This generation is a cynical one, and it’s not without good reason. Still, if Belako allowed that cynicism to take hold, this would be a very different album. This is an album that’s geared to someone who’s willing to listen - it’s a rallying cry. Belako haven’t been beaten down, and they sure as hell won’t let you be either. Across the record, they call out a whole host of the insidious systems our world has to offer; greed ("Plastic Drama"), social media culture ("Profile Anxiety"), institutional misogyny ("All Nerve", "AKLR"), even the culture around romantic love ("Truth"). But it’s entirely without defeatism; instead it’s delivered with rage, a furious refusal to accept what we’re fed. It’s a truth that time and again proves itself: when young people get angry, it’s potent.

While this is steadfastly in the spirit of punk rock, musically Belako are a little more flexible. There are ties to '90s alt rock in their sonics, yet the dynamics and grooves of that era are meshed with a more inventive, forward-facing energy. This again speaks to a youthful idealism; a readiness to re-imagine what has come before.
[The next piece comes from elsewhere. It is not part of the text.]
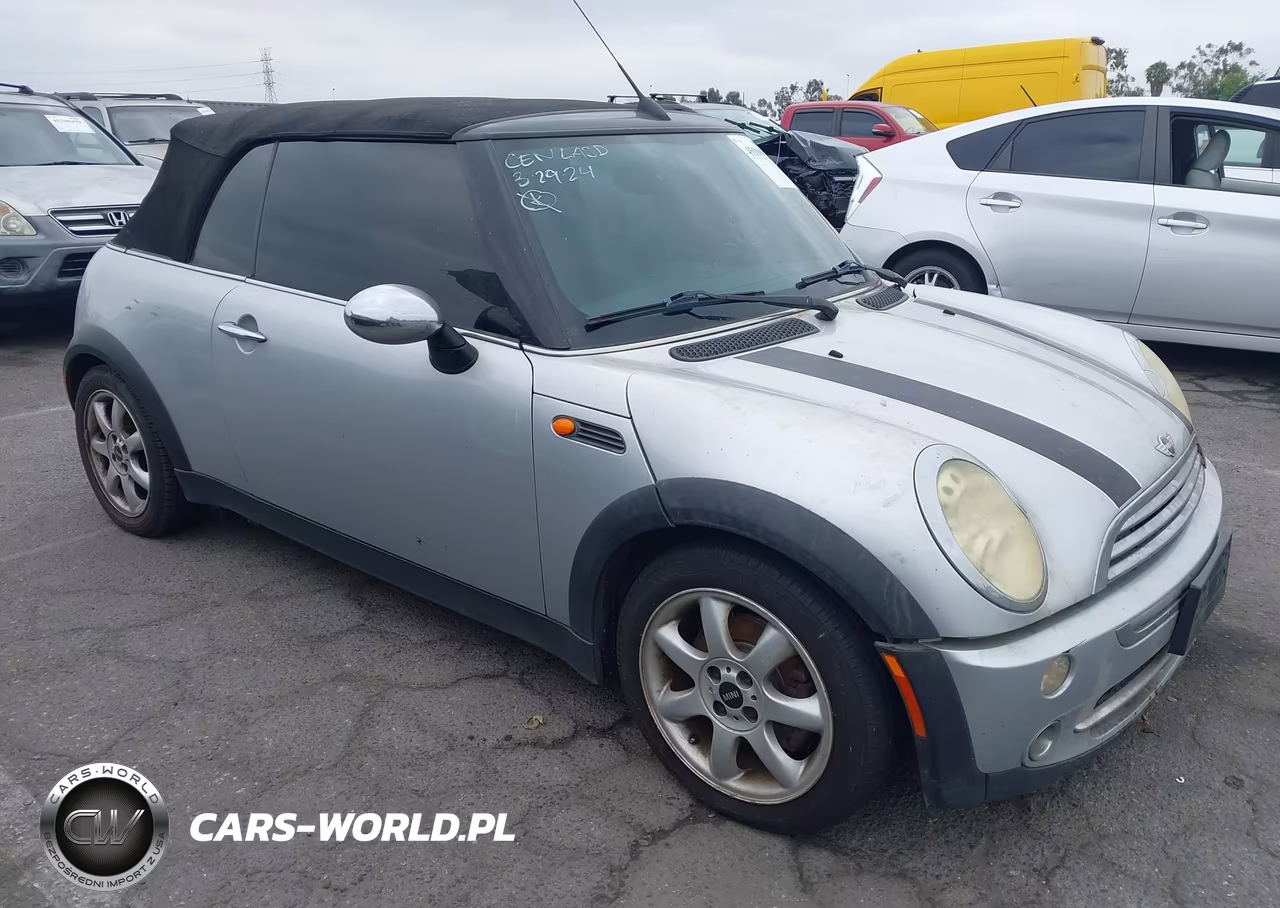 2007 Mini Cooper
It’s the spirit of youth that really drives this album, yet coupled with the wisdom of age; wisdom to know that the power of youth is best spent not on hedonism but on fighting for better. This is best summed up with the record’s stirring standout track, "The Craft", on which they sing: "Ours is the power, and now is the time / This is the hour, the power of time". Rising above the plastic, Belako show us gold.